The solution to the optimization problem corresponds to the point of zero energy attained when the particle is standing still.

Some mathematical machinery

In order to show the connection between damped harmonic oscillators and optimization algorithms, let’s see how gradient descent works.

We always start from guesswork, and estimate the solution to be x_n. Using our guess as a starting point, we compute a new solution from the current one, following the direction of the negative gradient

\inline x_{n+1} = x_n - \eta \cdot \nabla f(x_n)

Rearranging the above equation we get:

\inline x_{n+1} - x_n + \eta \cdot \nabla f(x_n) = 0

Then, using the Taylor expansion of the objective function f around \inline x_n, we can write:

\inline x_{n+1} - x_n = \dot{x}(t) \cdot h + \frac{1}{2}\ddot{x}(t) \cdot h^2 + \dots

By plugging this equation into the previous one, in the limit \inline h \to 0, we obtain the following differential equation:

\frac{h^2}{2 \cdot \eta} \ddot{x}(t) + \frac{h}{\eta}\dot{x}(t) + \nabla f(x(t)) = 0

Does this look familiar? It should, because this is just the damped oscillator system we have seen before.
This reasoning is also valid for other variants of gradient descent algorithms, such as the Adam method mentioned in the beginning of this article.
In this new perspective, the various gradient descent optimization methods correspond to damped oscillators with different particle mass and damping coefficients, characterized by different dissipation mechanisms of their mechanical energy. Moreover, the decay rate of the mechanical energy relates to the convergence rate of the related optimization algorithm. Yes, there is physics in deep learning.

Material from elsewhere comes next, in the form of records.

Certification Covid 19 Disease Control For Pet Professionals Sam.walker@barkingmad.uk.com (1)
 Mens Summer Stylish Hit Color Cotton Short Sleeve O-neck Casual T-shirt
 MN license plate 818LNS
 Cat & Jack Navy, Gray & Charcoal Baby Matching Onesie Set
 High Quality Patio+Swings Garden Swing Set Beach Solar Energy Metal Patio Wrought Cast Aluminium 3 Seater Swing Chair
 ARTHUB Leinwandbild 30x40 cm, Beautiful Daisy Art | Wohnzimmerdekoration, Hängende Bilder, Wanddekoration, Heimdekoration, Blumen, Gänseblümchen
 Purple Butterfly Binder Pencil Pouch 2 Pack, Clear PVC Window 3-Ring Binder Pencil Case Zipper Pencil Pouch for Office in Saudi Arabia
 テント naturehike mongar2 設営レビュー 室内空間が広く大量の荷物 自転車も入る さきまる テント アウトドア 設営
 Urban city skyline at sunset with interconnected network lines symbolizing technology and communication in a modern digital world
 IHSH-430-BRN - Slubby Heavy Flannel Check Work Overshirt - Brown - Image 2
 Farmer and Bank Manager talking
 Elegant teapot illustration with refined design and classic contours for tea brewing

Motivations and perspectives

Let’s now try to understand the implications of explaining optimization algorithms in terms of physical systems. By taking inspiration from other systems one may come up with more powerful optimization techniques. Furthermore, being able to explain human intelligence from a physical point of view makes transferring such knowledge into machine learning models straightforward.
As an example, let’s consider the “quantum mind” or “quantum consciousness” hypotheses [3].
This theory says that quantum mechanics phenomena play a key role in the cognitive functions of the brain. If such hypotheses were correct, it would be possible to use quantum mechanics equations for machine learning models.
This outcome would allow scientists to build machines way more intelligent than the ones we use today. Such machines would have the same intelligence mechanisms humans have. That would mean reaching Artificial General Intelligence (AGI).

References

[1] D.P. Kingma, et al., “Adam: A Method for Stochastic Optimization”,  The International Conference on Learning Representations (ICLR), San Diego, 2015 https://arxiv.org/abs/1412.6980

[2] Lin F. Yang, et al., “The Physical Systems Behind Optimization Algorithms”, 32nd Conference on Neural Information Processing Systems (NeurIPS 2018), Montréal, Canada.  https://arxiv.org/abs/1612.02803

[3] R. Penrose, et al., “Consciousness in the Universe: Neuroscience, Quantum Space-Time Geometry and Orch OR Theory“, Journal of Cosmology 14, 2011.